The answer should be a single number: how many lines of the entries below hold the word "Light".

[[ Data records open ]]

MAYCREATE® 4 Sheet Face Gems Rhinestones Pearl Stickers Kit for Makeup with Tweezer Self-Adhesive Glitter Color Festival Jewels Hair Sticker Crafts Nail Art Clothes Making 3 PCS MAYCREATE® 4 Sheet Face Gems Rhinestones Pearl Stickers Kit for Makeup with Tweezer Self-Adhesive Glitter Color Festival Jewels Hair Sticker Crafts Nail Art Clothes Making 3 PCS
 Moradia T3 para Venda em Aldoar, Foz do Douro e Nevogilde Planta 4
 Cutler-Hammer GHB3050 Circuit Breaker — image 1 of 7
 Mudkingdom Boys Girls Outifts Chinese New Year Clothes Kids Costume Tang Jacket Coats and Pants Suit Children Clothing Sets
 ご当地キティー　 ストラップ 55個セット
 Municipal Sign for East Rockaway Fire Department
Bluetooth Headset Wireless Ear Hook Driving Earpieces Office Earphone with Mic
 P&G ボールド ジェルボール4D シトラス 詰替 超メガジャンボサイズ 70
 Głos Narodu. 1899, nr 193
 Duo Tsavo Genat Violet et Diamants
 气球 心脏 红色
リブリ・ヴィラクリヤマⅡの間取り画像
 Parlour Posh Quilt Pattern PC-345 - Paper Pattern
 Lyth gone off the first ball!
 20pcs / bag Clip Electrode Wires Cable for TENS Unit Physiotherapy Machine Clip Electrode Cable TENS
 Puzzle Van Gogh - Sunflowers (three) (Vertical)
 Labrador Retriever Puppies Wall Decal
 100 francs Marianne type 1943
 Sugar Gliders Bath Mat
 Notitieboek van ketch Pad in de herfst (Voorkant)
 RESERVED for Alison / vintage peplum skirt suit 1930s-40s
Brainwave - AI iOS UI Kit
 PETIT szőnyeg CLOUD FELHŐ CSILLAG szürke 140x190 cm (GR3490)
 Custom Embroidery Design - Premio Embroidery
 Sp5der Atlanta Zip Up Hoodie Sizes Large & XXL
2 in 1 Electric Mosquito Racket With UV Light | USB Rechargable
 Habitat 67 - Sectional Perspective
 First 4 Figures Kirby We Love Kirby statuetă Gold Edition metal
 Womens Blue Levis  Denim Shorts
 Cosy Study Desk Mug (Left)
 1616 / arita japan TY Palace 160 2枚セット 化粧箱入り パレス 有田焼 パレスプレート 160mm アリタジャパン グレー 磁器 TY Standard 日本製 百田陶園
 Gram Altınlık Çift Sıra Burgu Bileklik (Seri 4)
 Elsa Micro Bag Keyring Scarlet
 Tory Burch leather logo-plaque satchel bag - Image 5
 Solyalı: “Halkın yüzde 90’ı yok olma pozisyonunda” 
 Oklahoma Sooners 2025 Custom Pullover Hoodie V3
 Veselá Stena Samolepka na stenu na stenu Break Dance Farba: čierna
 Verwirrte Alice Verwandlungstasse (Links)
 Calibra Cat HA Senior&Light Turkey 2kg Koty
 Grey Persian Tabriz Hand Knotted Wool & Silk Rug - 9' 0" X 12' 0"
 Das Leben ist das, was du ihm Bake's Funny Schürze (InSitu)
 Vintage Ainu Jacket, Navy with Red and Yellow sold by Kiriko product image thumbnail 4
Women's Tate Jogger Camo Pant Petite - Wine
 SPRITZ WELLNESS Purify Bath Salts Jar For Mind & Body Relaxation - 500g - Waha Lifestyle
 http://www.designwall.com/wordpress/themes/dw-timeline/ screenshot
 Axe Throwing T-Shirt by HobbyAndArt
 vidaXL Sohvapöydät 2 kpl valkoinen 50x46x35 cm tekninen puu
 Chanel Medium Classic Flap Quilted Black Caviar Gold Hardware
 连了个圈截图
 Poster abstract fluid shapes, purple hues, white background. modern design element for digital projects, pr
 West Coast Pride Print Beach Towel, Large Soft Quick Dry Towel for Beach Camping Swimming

[[ Data records closed ]]

[Solution to the problem]:
2